Input -
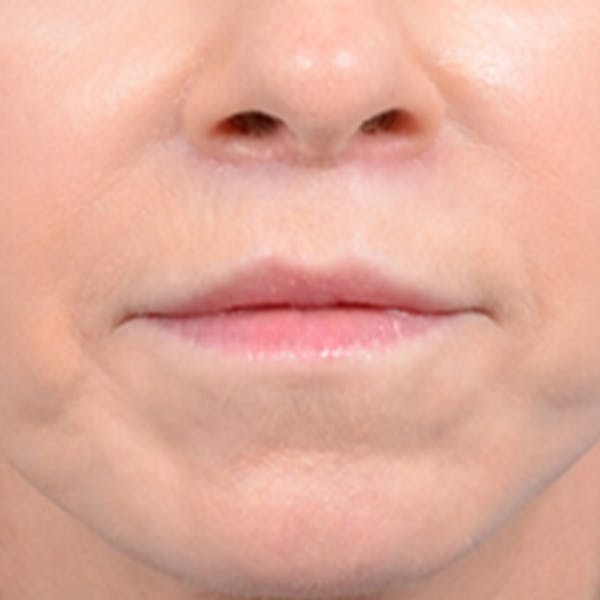 Lip Lift Before & After Gallery - Patient 41510471 - Image 2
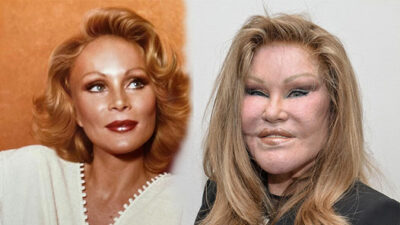 Estetik bağımlılıyla tanınan “Kedi Kadın” Jocelyn Wildenstein yaşamını yitirdi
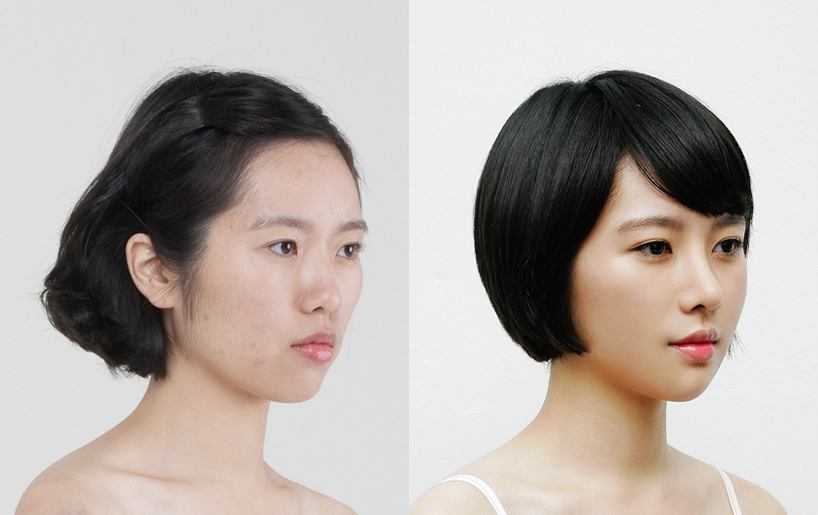 Korean_plastic_surgery_before_and_after_44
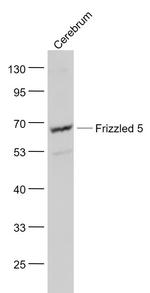 Frizzled 5/8 Antibody in Western Blot (WB)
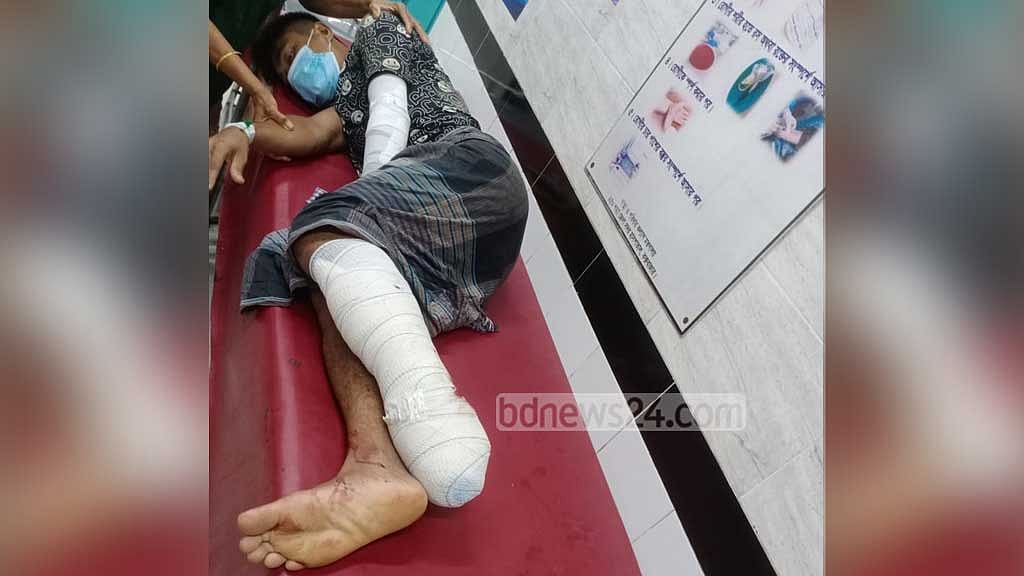 মিয়ানমার সীমান্তে ‘মাইন’ বিস্ফোরণে বাংলাদেশি আহত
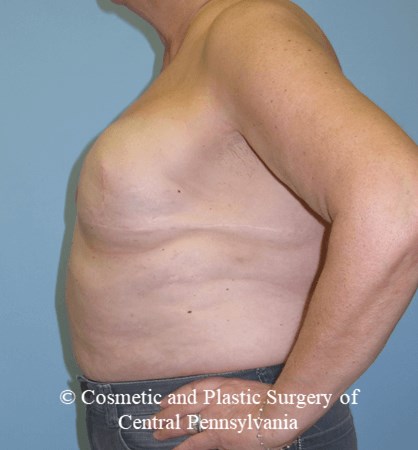 Breast Reconstruction Revision Before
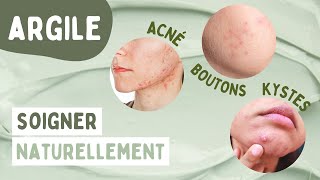 COMMENT SOIGNER NATURELLEMENT ACNÉ, BOUTONS & KYSTES GRÂCE À L'ARGILE ??‍️  [+RECETTE MASQUE DIY]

Work to complete - Would you copy each line above exactly as given, dropping any images?

Answer box -
 Lip Lift Before & After Gallery - Patient 41510471 - Image 2
 Estetik bağımlılıyla tanınan “Kedi Kadın” Jocelyn Wildenstein yaşamını yitirdi
 Korean_plastic_surgery_before_and_after_44
 Frizzled 5/8 Antibody in Western Blot (WB)
 মিয়ানমার সীমান্তে ‘মাইন’ বিস্ফোরণে বাংলাদেশি আহত
 Breast Reconstruction Revision Before
 COMMENT SOIGNER NATURELLEMENT ACNÉ, BOUTONS & KYSTES GRÂCE À L'ARGILE ??‍️  [+RECETTE MASQUE DIY]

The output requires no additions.